* **RECORDS SHOWN**:
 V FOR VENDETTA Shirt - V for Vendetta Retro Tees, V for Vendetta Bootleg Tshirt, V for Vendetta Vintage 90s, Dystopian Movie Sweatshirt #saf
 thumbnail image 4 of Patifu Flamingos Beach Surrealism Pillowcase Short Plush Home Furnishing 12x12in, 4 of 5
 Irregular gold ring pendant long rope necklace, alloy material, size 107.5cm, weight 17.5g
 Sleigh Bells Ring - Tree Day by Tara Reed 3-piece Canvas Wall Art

...

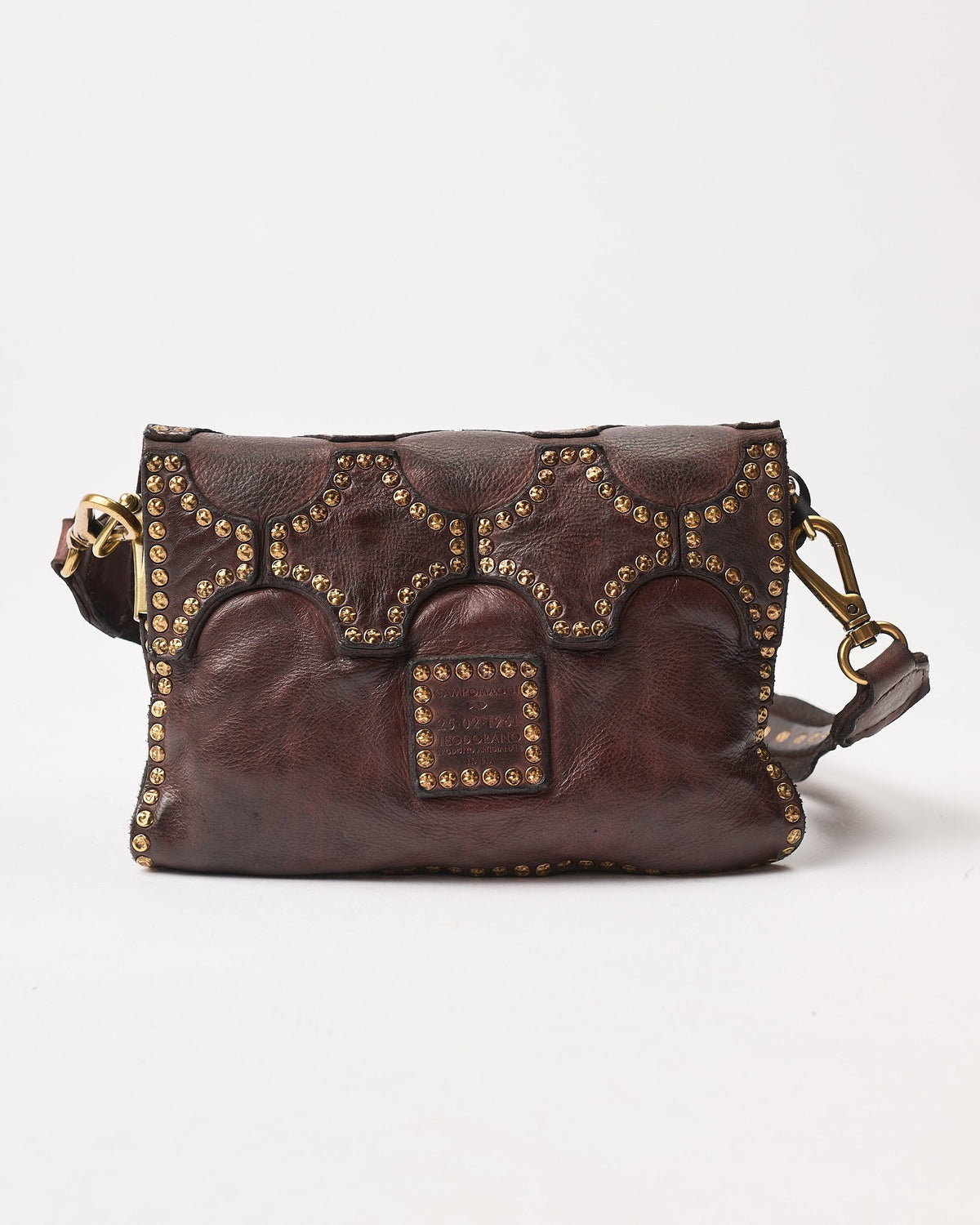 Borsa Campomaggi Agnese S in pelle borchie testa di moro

* **DIRECTIONS FOR THIS TASK**: All that is wanted is an exact copy of the lines above from the one with "Irregular gold ring" through the one with "Sleigh Bells Ring", with both ends included.

* **ANSWER FOR THIS EXERCISE**:
 Irregular gold ring pendant long rope necklace, alloy material, size 107.5cm, weight 17.5g
 Sleigh Bells Ring - Tree Day by Tara Reed 3-piece Canvas Wall Art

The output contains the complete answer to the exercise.